イメージコンサルティングのプライムイメージ の山川です。

今日は本のご紹介【BOOK 2】。

【タイトル】
『ドキュメント 戦争広告代理店 ~情報操作とボスニア紛争~』  
高木徹(講談社)


【推薦者】
「山川さんのお仕事にも参考になるでしょう」と、
C放送のKさん&A放送のYさん。
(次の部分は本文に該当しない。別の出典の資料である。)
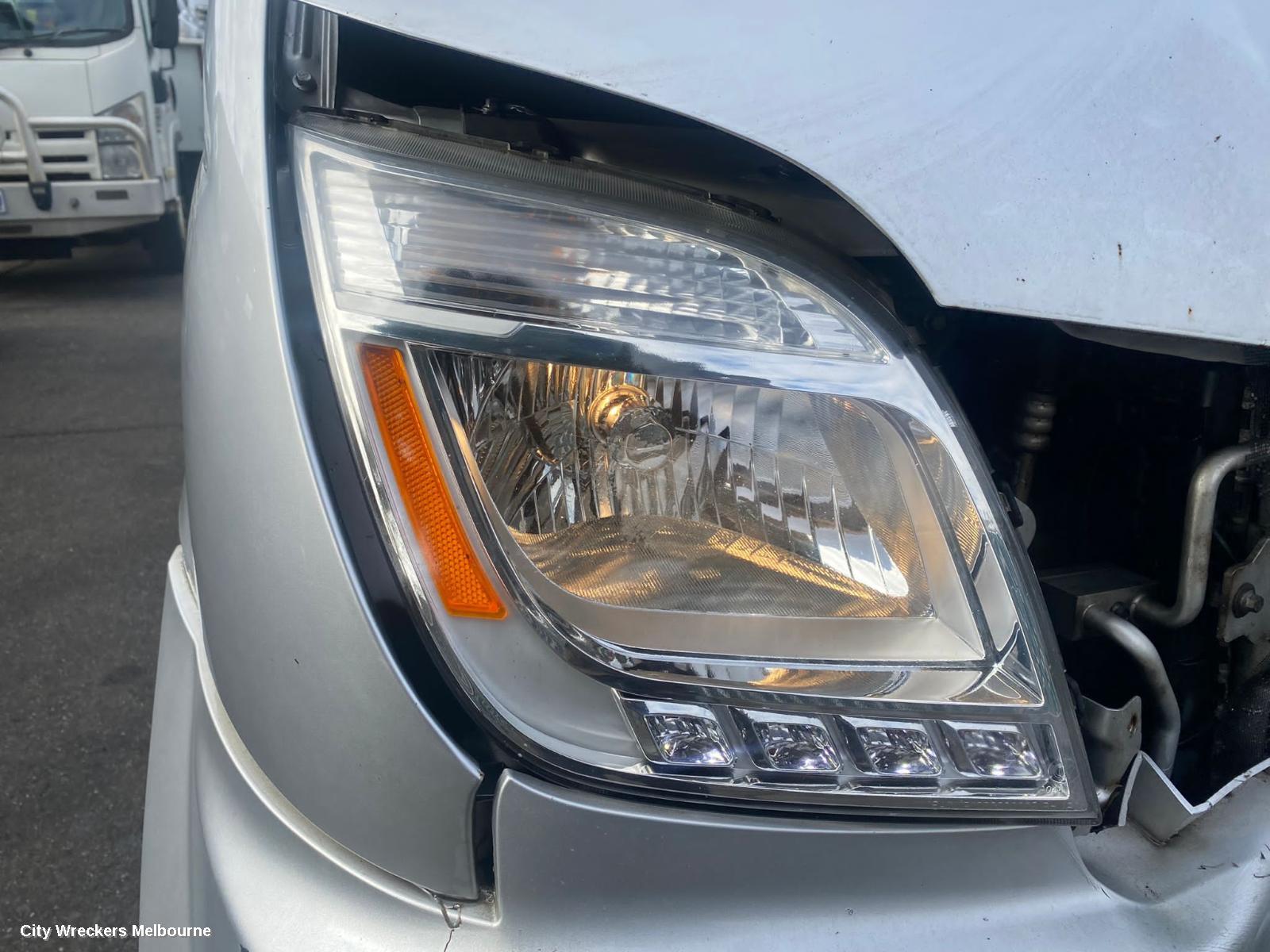 LDV V80 COMBINATION SWITCH, FLASHER SWITCH, 01/2013 ONWARDS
敏腕テレビマンお二人からのおすすめ。


【感想】
この本の刊行は、今から6年以上も前の2002年6月。

著者はNHKのディレクターで、自らが手がけたドキュメンタリー番組
『民族浄化~ユーゴ・情報戦の内幕~』
の取材をもとに執筆したのが本書。

発売当初から大きな話題になり、数々の賞も受賞した1冊ですが、
イメージコンサルタントという視点から読んでみました。

職業としてのイメージコンサルタントに対し、
日米では、その認知度と理解度に大きな差があると感じています。
そのため、外見演出をすること以上の奥深さが理解されにくく、
業界内にいると気付きにくいですが、
まだまだ啓蒙活動が必要な業界であることは間違いありません。

PR業界も、大きく先行くアメリカは、
その役割や影響力に日本と差があることは否めない事実。

力のあるPR会社に依頼すれば、
その情報操作により、民族紛争の“善人”と“悪人”を作り出し、
それを国際社会が認めてしまうという、
そのスケールの大きさに圧倒された、というのが正直な感想でした。

しかし、お金のある国だけが、それが可能かといえば、
PR活動によって“善人”となったボスニア・ヘルツェゴビナが、
PR会社に支払ったのは、1万ドルにも満たなかったとか。

それに対し、このPRを手がけ、成功した実績が、
この金額の何十倍にも相当する価値があるとするPR会社。
同じく無形のサービスを提供する仕事をするコンサルタントとして、
「実績重視」の姿勢が、その後の展開を大きく変えていくことを実感しました。